As the psychologist Timothy D. Wilson writes in his book Strangers to Ourselves, the mind relegates a great deal of its high level sophisticated thinking to its unconscious. Our adaptive unconscious does an excellent job of sizing up the world, warning people of danger and setting goals and initiating action in a sophisticated and efficient manner. Wilson says that we toggle back and forth between conscious and unconscious parts of the brain. Whenever we are faced with an emergent situation, we invoke the unconscious part of our brains to assist in making the decisions. Malcolm Gladwell in his book, Blink, feels that this rapid answer is most often correct. The quality of a decision is not directly proportional to the time effort and energy to make that decision. Knowledge is power, but a delay in taking action may cause irreparable damage. Prior to making the decision to go back in the water a technical diver should take a class and prepare themselves for making the correct decision once the inevitable happens.

If we knew exactly what caused DCS, the divers at large may feel differently, but since scientists have been unable to find an exact cause, we are merely trying to treat the symptoms. DCS is so multi-faceted that some researchers have spent their whole lives trying to find the cure / cause to no end. If you ask a diver who is newly certified, “What causes DCS?”, their answer would be, “I don’t know…I think it has something to do with bubbles”. If you ask a dive master what causes DCS, you will likely get a description of a soda bottle being opened too quickly and the soda fizzing out. If you ask a Technical Diving Instructor from IANTD or a person trained in hyperbaric medicine what causes DCS, you will like get discussions of the phagocyte and leukocyte reaction to a foreign body in your blood stream coupled with the need for adequate hydration. If you ask the top five scientists who work in decompression physiology, “what causes DCS”, their answer would be, “I don’t know…I think it has something to do with bubbles”.

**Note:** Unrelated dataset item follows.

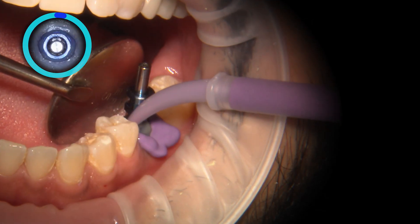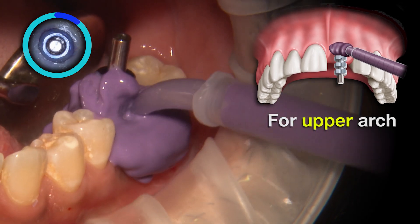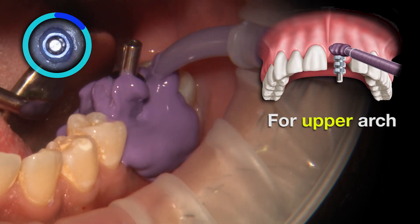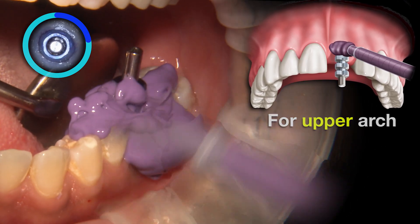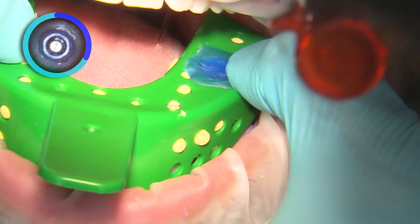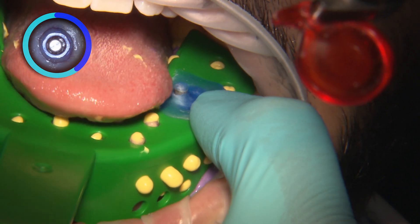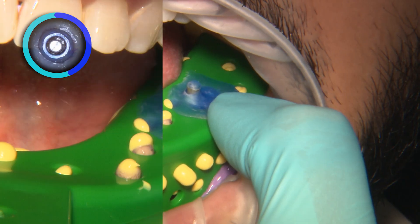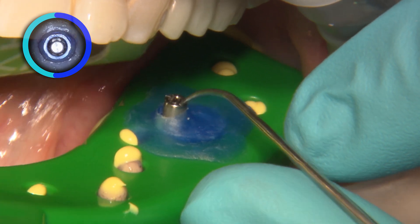Now we are ready for our impression. Just as with the previous technique, a lighter viscosity PVS material is syringed intraorally around the soft tissue and adjacent teeth, while the tray is filled with a heavier viscosity PVS. Keep in mind, for an open tray technique, either a polyvinyl siloxane or polyether material can be utilized. Polyether is much more rigid compared to polyvinyl siloxane, so be sure to mind any undercuts that are present in the arch when using this material.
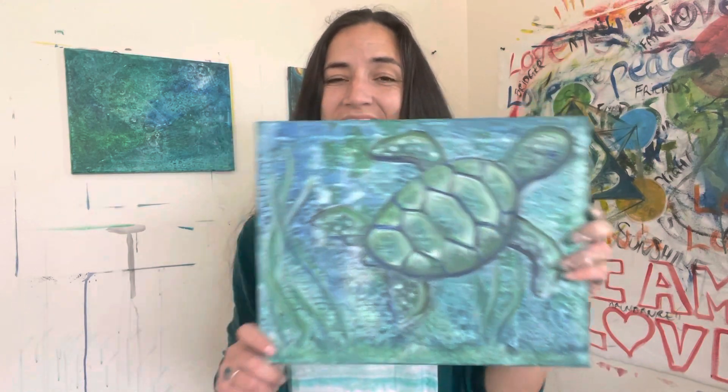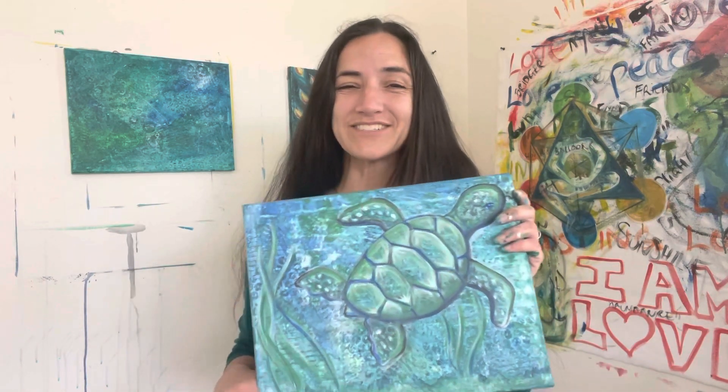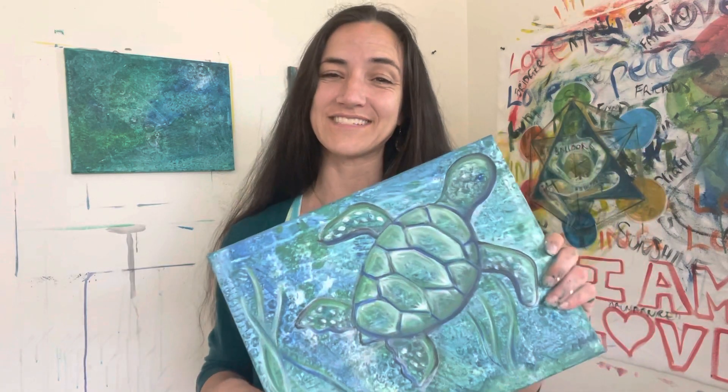How to Paint a Turtle — what I love most about this class is it's totally beginner friendly. I know this because I tested it with my mom, who always says she hates painting and hates being creative. But she got so into it. At one point while she was painting her turtle, she looked over at mine and said, 'My turtle is better than your turtle.' And that's exactly what I'm saying — it doesn't matter if you have any experience. You can come into this class and really have a fantastic time.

This is just one case where the contentious topic of in water recompression was the best over-the-counter remedy. This could have gone very wrong and I may not have survived the descent. Authors like Richard Pyle, Don Shirley and Tom Mount have scribed their accounts of the utility of this “trade secret”. There are two major points to take away from this article: 1. In water recompression is the best source for immediacy of care when a diver has a DCS. 2. In water recompression is not the only thing a diver needs to do if they have a DCS. In water recompression is by no means a medical treatment. It is merely a method of lessening the severity of issues that a diver will encounter because of DCS and affording immediacy of care.